Items from a data source

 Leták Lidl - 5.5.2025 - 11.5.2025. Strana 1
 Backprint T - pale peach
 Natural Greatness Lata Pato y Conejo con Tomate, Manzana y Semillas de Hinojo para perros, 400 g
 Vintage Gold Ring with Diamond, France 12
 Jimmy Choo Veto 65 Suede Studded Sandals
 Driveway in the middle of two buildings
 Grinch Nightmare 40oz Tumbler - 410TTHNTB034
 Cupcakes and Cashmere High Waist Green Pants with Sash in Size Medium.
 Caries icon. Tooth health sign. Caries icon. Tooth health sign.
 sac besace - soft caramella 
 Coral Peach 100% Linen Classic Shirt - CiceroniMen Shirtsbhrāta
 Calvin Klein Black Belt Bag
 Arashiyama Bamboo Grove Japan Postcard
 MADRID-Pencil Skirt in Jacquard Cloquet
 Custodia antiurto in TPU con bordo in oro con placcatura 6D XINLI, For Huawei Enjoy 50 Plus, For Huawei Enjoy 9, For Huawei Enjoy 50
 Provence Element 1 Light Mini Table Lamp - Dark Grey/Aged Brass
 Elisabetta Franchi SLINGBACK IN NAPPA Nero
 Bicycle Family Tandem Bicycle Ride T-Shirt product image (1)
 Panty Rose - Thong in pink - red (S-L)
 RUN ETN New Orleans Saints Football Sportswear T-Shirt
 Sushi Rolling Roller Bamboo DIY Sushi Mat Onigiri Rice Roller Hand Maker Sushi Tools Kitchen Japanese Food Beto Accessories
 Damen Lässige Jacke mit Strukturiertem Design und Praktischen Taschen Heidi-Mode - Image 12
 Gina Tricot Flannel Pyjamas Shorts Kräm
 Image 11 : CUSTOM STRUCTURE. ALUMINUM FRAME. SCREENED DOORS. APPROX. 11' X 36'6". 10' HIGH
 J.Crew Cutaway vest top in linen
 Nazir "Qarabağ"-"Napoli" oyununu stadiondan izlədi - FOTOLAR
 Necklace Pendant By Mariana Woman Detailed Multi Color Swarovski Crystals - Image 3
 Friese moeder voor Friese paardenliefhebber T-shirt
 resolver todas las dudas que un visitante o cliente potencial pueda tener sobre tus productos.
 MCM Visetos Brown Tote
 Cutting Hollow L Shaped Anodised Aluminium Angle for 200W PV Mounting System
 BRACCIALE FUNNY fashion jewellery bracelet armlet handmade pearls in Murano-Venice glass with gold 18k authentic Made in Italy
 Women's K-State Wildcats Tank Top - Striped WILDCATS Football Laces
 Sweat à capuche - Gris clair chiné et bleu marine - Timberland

WORK ITEM
Output a faithful copy of every entry, keeping each line as written.

EXPECTED ANSWER
 Leták Lidl - 5.5.2025 - 11.5.2025. Strana 1
 Backprint T - pale peach
 Natural Greatness Lata Pato y Conejo con Tomate, Manzana y Semillas de Hinojo para perros, 400 g
 Vintage Gold Ring with Diamond, France 12
 Jimmy Choo Veto 65 Suede Studded Sandals
 Driveway in the middle of two buildings
 Grinch Nightmare 40oz Tumbler - 410TTHNTB034
 Cupcakes and Cashmere High Waist Green Pants with Sash in Size Medium.
 Caries icon. Tooth health sign. Caries icon. Tooth health sign.
 sac besace - soft caramella 
 Coral Peach 100% Linen Classic Shirt - CiceroniMen Shirtsbhrāta
 Calvin Klein Black Belt Bag
 Arashiyama Bamboo Grove Japan Postcard
 MADRID-Pencil Skirt in Jacquard Cloquet
 Custodia antiurto in TPU con bordo in oro con placcatura 6D XINLI, For Huawei Enjoy 50 Plus, For Huawei Enjoy 9, For Huawei Enjoy 50
 Provence Element 1 Light Mini Table Lamp - Dark Grey/Aged Brass
 Elisabetta Franchi SLINGBACK IN NAPPA Nero
 Bicycle Family Tandem Bicycle Ride T-Shirt product image (1)
 Panty Rose - Thong in pink - red (S-L)
 RUN ETN New Orleans Saints Football Sportswear T-Shirt
 Sushi Rolling Roller Bamboo DIY Sushi Mat Onigiri Rice Roller Hand Maker Sushi Tools Kitchen Japanese Food Beto Accessories
 Damen Lässige Jacke mit Strukturiertem Design und Praktischen Taschen Heidi-Mode - Image 12
 Gina Tricot Flannel Pyjamas Shorts Kräm
 Image 11 : CUSTOM STRUCTURE. ALUMINUM FRAME. SCREENED DOORS. APPROX. 11' X 36'6". 10' HIGH
 J.Crew Cutaway vest top in linen
 Nazir "Qarabağ"-"Napoli" oyununu stadiondan izlədi - FOTOLAR
 Necklace Pendant By Mariana Woman Detailed Multi Color Swarovski Crystals - Image 3
 Friese moeder voor Friese paardenliefhebber T-shirt
 resolver todas las dudas que un visitante o cliente potencial pueda tener sobre tus productos.
 MCM Visetos Brown Tote
 Cutting Hollow L Shaped Anodised Aluminium Angle for 200W PV Mounting System
 BRACCIALE FUNNY fashion jewellery bracelet armlet handmade pearls in Murano-Venice glass with gold 18k authentic Made in Italy
 Women's K-State Wildcats Tank Top - Striped WILDCATS Football Laces
 Sweat à capuche - Gris clair chiné et bleu marine - Timberland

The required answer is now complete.